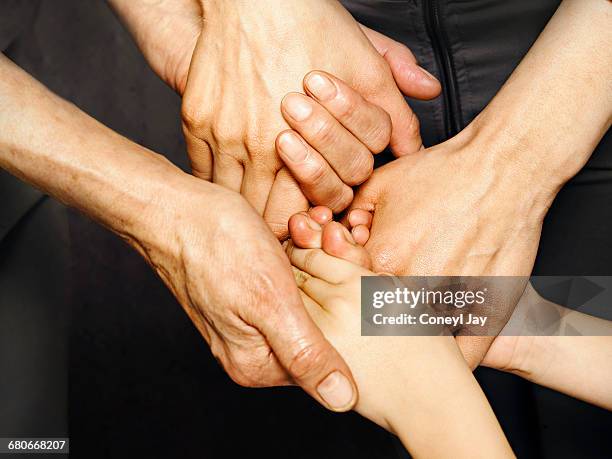 three generatios of women holding hands - holding hands stock pictures, royalty-free photos & images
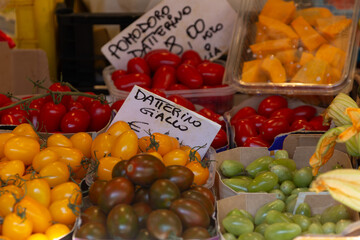 A vibrant display of assorted heirloom tomatoes, including red, yellow datterino, and green varieties, sold in plastic containers at a fresh produce stall in the Rialto Market in Venice.

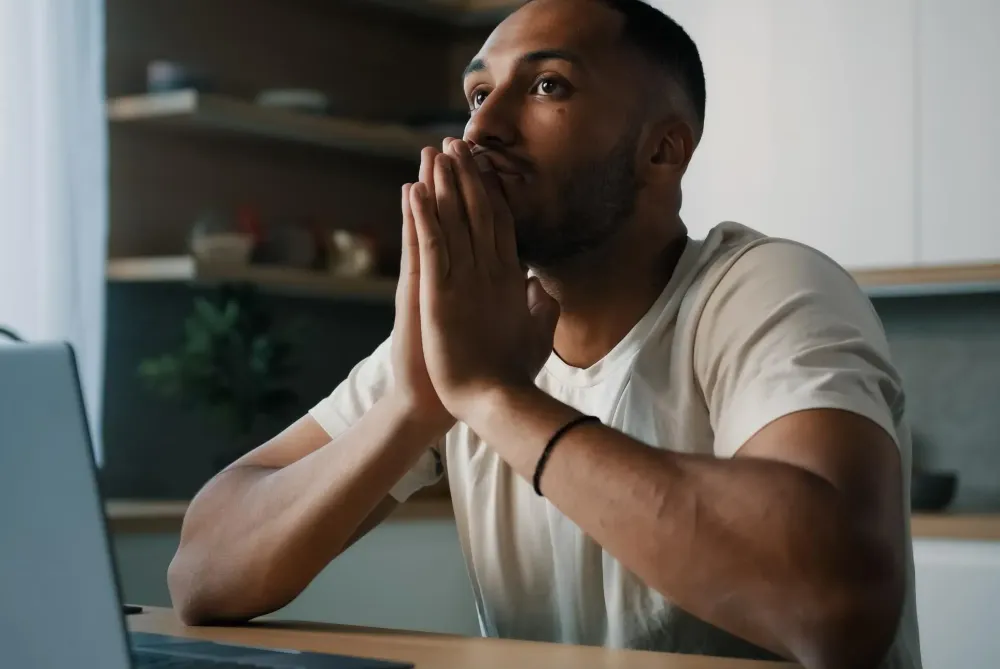 Homme regardant son ordinateur visiblement déçu par l’absence d’informations claires sur la livraison de son colis e-commerce.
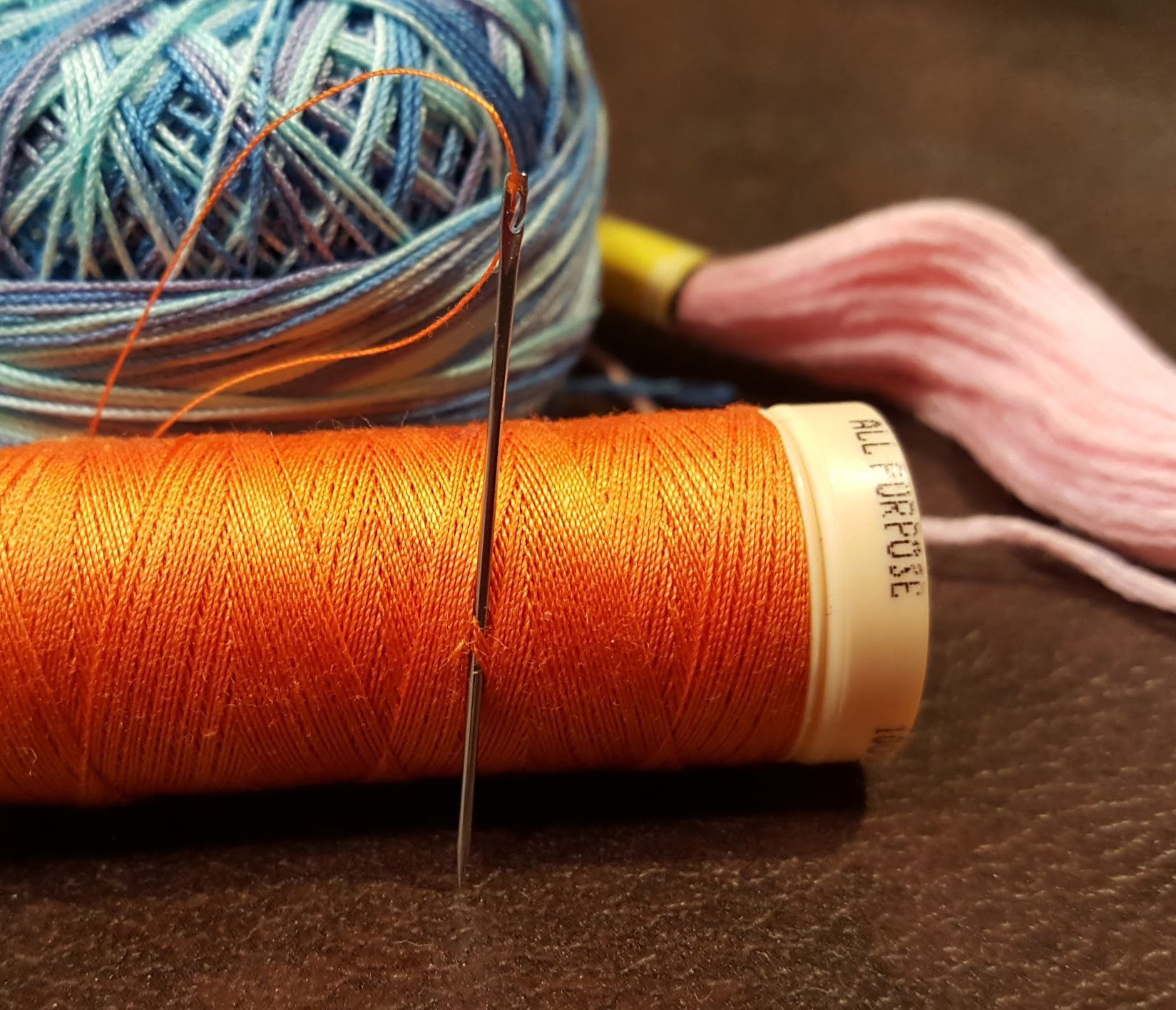 Two spools of thread, gold and burgundy, with a needle and loose thread on a white surface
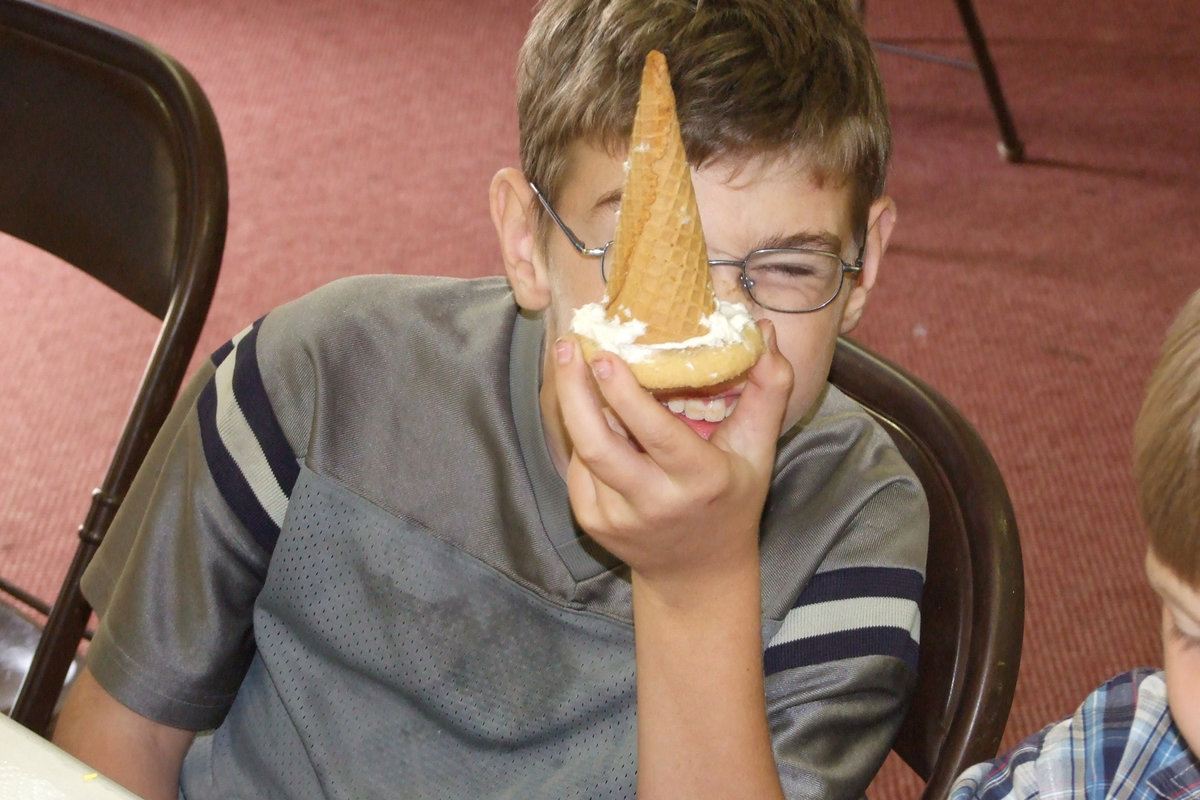 Image: James made a hat — James Youngblood has created his fun hat with a cookie, frosting and an ice cream cone.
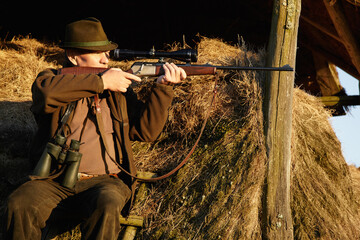 Hunter, safari gun and man shooting with aim at sunrise at a wildlife lookout for hunting. Target,...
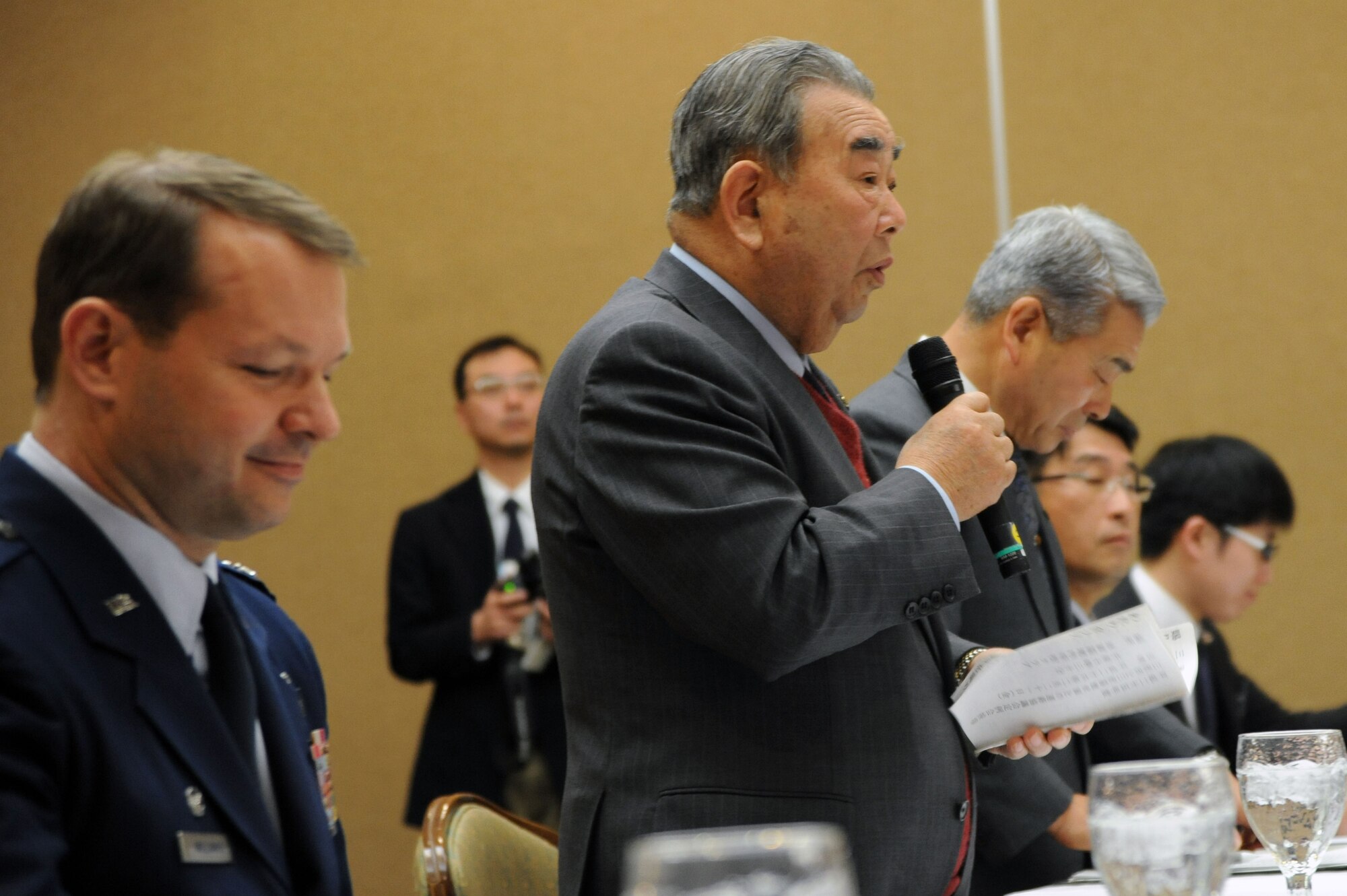 Kazumasa Taneichi, Misawa City mayor, addresses members of the 35th Fighter Wing and Misawa City Council members during an annual Community Relations Advisory Council meeting at Misawa Air Base, Japan, Feb. 21, 2014. Taneichi thanked base members for their close friendship and lauded their support for events between the military and community. (U.S. Air Force photo/Senior Airman Derek VanHorn)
* * *
Return exactly the lines that appear in the data above between the line containing "Two spools of" and the line containing "Hunter, safari gun", both of which are included, and leave the pictures out.

 Two spools of thread, gold and burgundy, with a needle and loose thread on a white surface
 Image: James made a hat — James Youngblood has created his fun hat with a cookie, frosting and an ice cream cone.
 Hunter, safari gun and man shooting with aim at sunrise at a wildlife lookout for hunting. Target,...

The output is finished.